- Born: May 29, 1929 Glasgow, Scotland
- Died: May 28, 2001 (aged 71)
- Education: City College of New York (BA) New York Law School (JD)
- Occupation: real estate developer
- Known for: founder of Mendik Company Chairman of the Real Estate Board of New York
- Spouse(s): Annette Silverstein (divorced) Susan Batkin
- Children: 4

= Bernard H. Mendik =

American businessman

Bernard Hyman Mendik (May 29, 1929 – May 28, 2001) was an American real estate developer, founder of the Mendik Company, and chairman of the Real Estate Board of New York.

==Biography==
Mendik was born to a Jewish family in Glasgow, Scotland, and emigrated to the United States as a child. His father was a handyman. He graduated from the Bronx High School of Science. In 1954, he graduated from City College of New York and in 1959, he received a J.D. from New York Law School where he met Larry Silverstein. After school, he married Silverstein's sister and joined her father's real estate business, Harry G. Silverstein & Sons. In 1966, Harry Silverstein died and Mendik and Larry Silverstein formed Silverstein & Mendik. The partnership was quite successful until Mendik divorced his wife in the late 1970s and the partnership ended. Mendik also cited disagreements over real estate strategies, with Mendik wanting to buy buildings while Silverstein wanted to build. They hired Jerry Speyer to assist in dividing the assets. Mendik then founded the Mendik Company.

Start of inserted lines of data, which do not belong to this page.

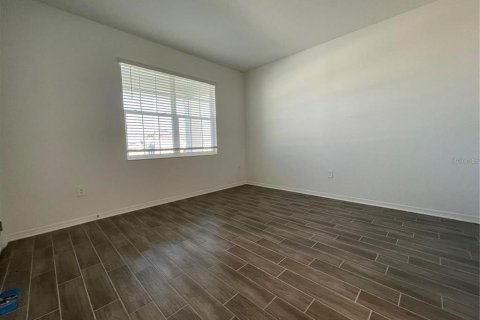 Villa ou maison à vendre à Haines City, Floride: 4 chambres, 193.24 m2 № 1901398 - photo 22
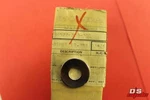 Nos Honda XL70 SL70K1 Washer 10.3MM Part# 90527-200-000. Fixed Price $5.95.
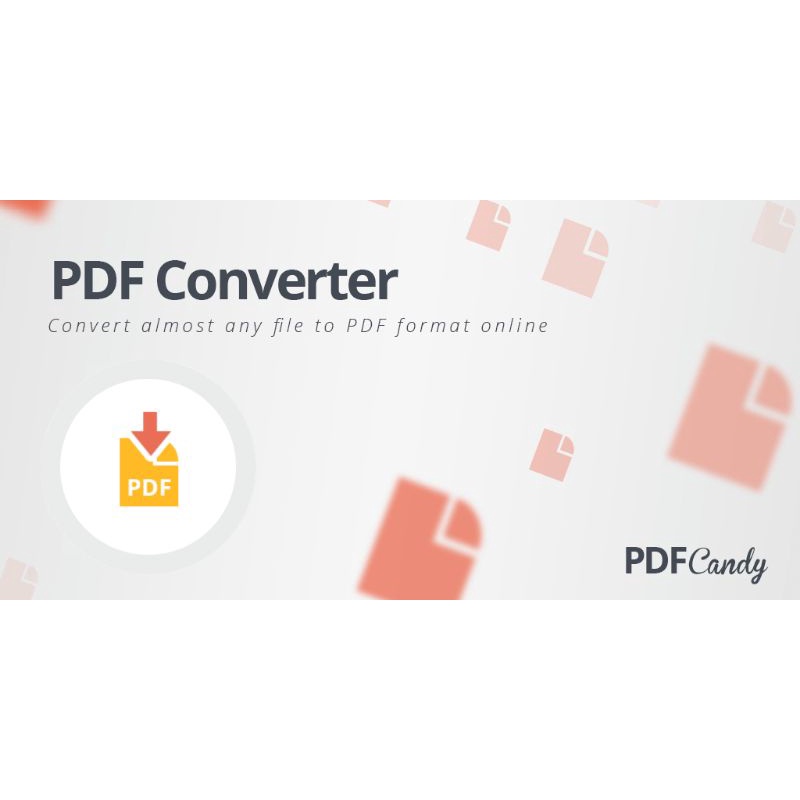 Jasa Convert PDF to word, word to Pdf, pdf to jpg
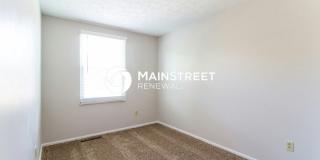 4018 Breathitt Place Gallery 13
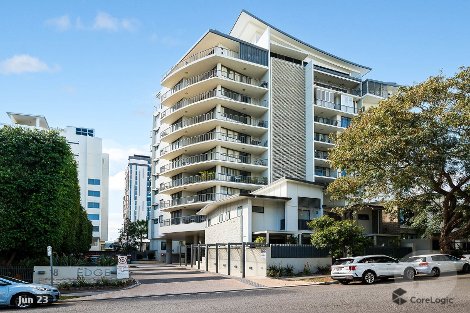 1056/18 Manning St, Milton, QLD 4064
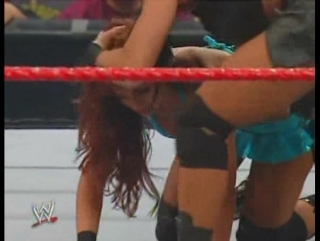 victoria vs christy hemme milf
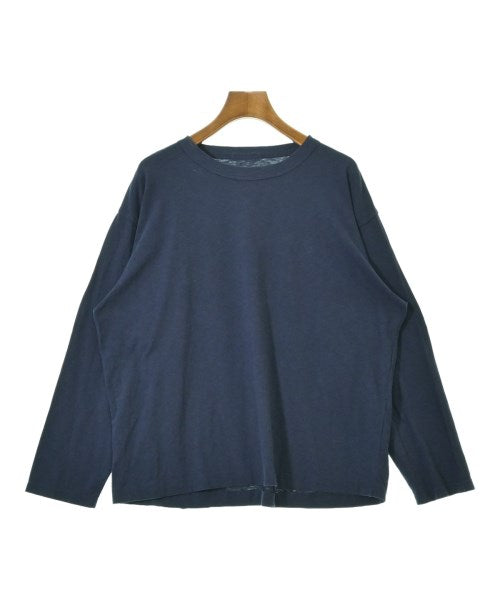 45R เสื้อยืด/เสื้อท็อปส์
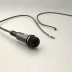 PowerDeWise Lavalier Microphone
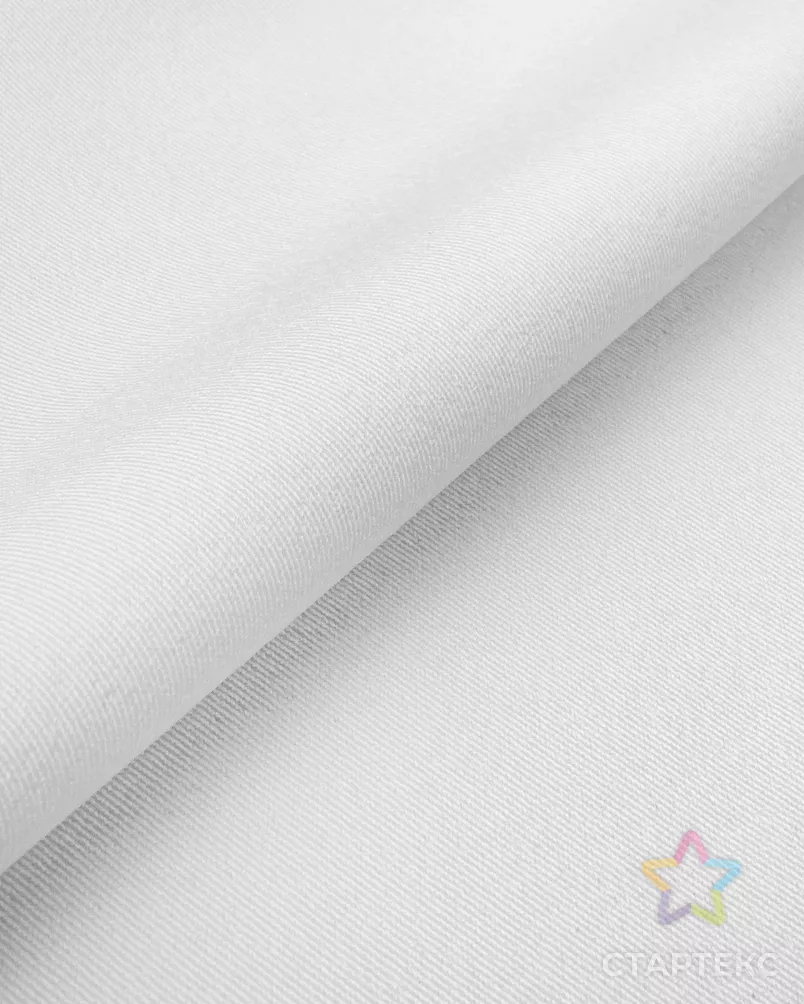 Костюмная "Пикачу" стрейч арт. КПЧ-1-3-7187.002 - рис. 2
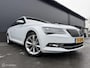 Skoda Superb Combi 1.4 TSI ACT Business Sport CLIMA*PANO*LEER*CRUISE*CAMERA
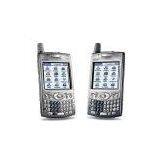 Sell Treo 650 Unlocked (United Kingdom) thumbnail-1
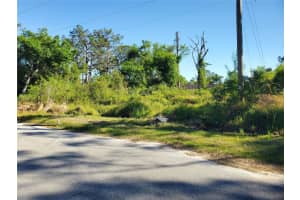 AZURE RD, NORTH PORT, FL 34286 Sold 06/05/25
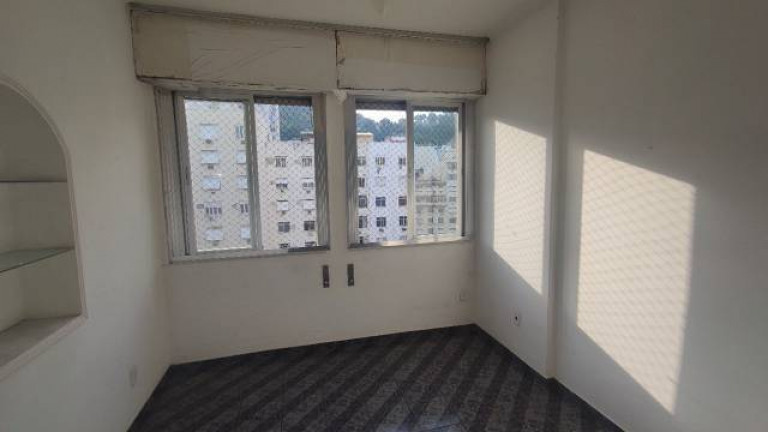 Imagem Apartamento com 1 Quarto à Venda, 65 m² em Copacabana - Rio de Janeiro Imagem Apartamento com 1 Quarto à Venda, 65 m² em Copacabana - Rio de Janeiro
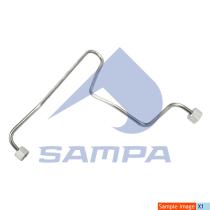 SAMPA 047247 - TUBO, INYECTOR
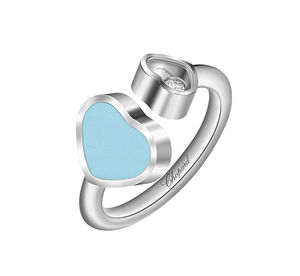 829482-1410 Chopard Happy Hearts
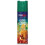 PlastiKote Plasti-kote 1115 400ml Super Gloss - Yellow 1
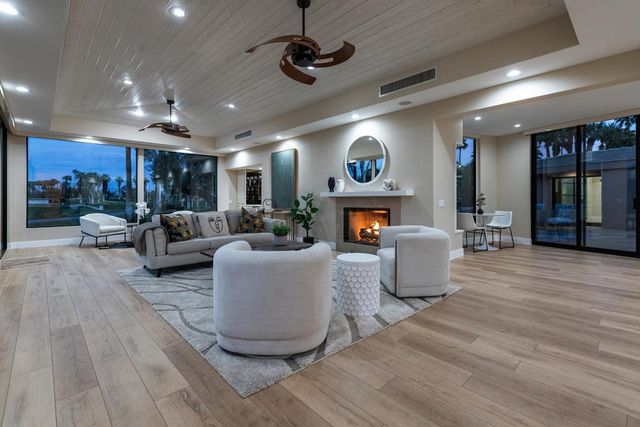 70854 Fairway Drive, Rancho Mirage, CA 92270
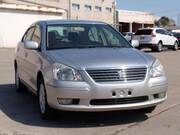 2004 TOYOTA PREMIO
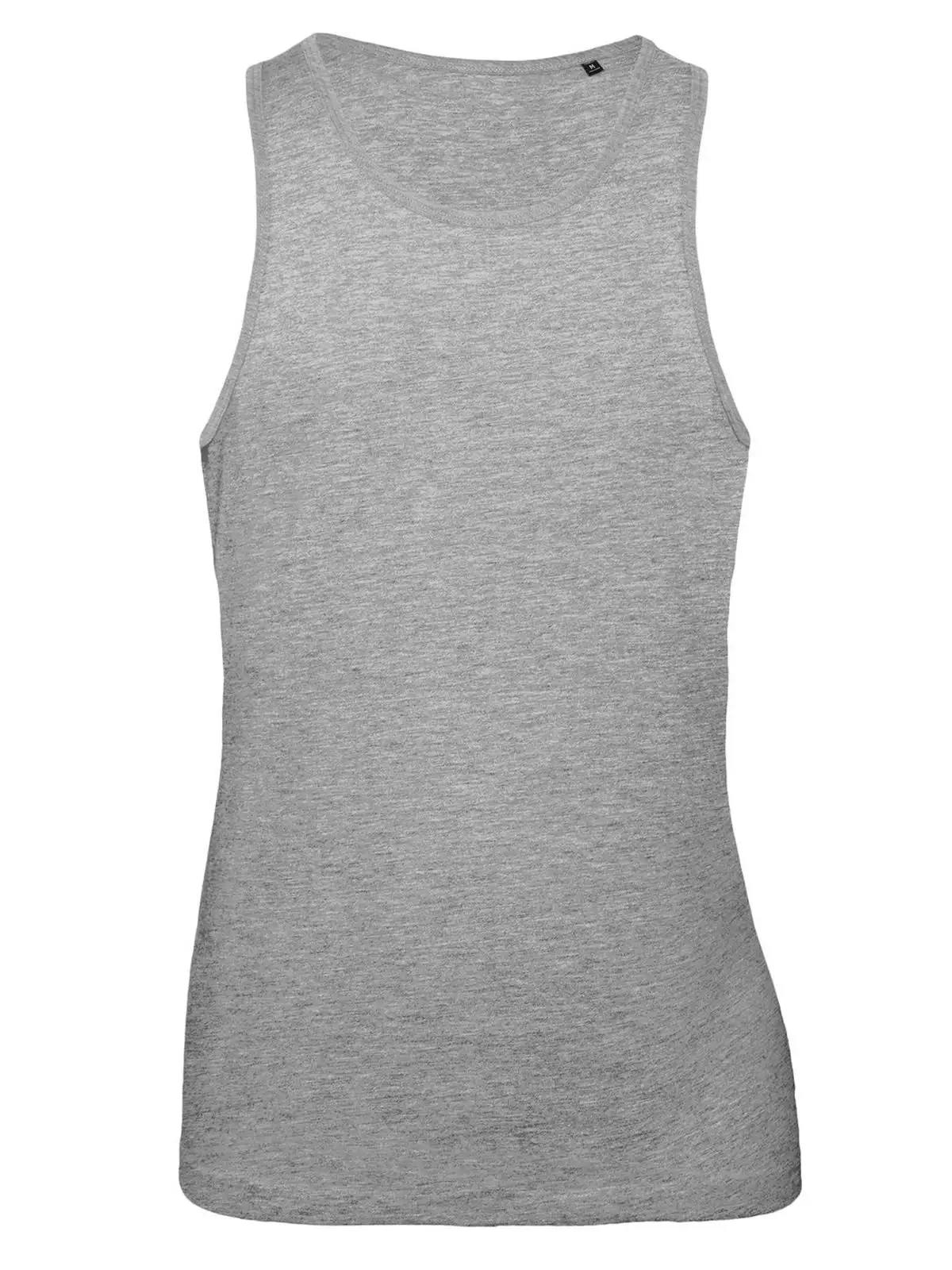 Immagine T-shirt Inspire Tank T uomo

In 1982, he joined the Real Estate Board of New York and in 1992, he served as its chairman until his death. Under his stewardship, the Real Estate Board persuaded the State Legislature to end or reduce real estate-related capital gains and transfer taxes; he also successfully promoted legislation legalizing real estate investment trusts in New York. In April 1997, Mendik folded his company into Vornado Realty Trust becoming Vornado's co-chairman for $654 million in stock and assumption of debt. The combination of the Mendik Company's seven midtown office buildings with 4 million square feet transformed Vornado, then primarily a holder of suburban malls, into a major player in New York City's office market. In October 1998, he resigned from Vornado.

Mendik taught at New York University from 1960 to 1987 and received the Fiorello La Guardia Award for civic achievement presented by New York City Mayor Rudolph Giuliani.

==Philanthropy==
He endowed a library in his name at the New York Law School; a professorship in otolaryngology at New York University Medical Center; and supported research centers there and at Memorial Sloan-Kettering Cancer Center. He served as chairman of the Grand Central Partnership, as a trustee of the Citizens Budget Committee, as vice chairman of the Fifth Avenue Association, and on the board of regents of the Cathedral of St. John the Divine.

==Personal life==
Mendik divorced his first wife, Annette Silverstein, sister of Larry Silverstein; they had three children: Laurie J. Mendik, Kevin R. Mendik, and Todd L. Mendik. Mendik's second wife was Susan Batkin; they had one child, Alexander M. Mendik. He was a member of Congregation Emanu-El of New York.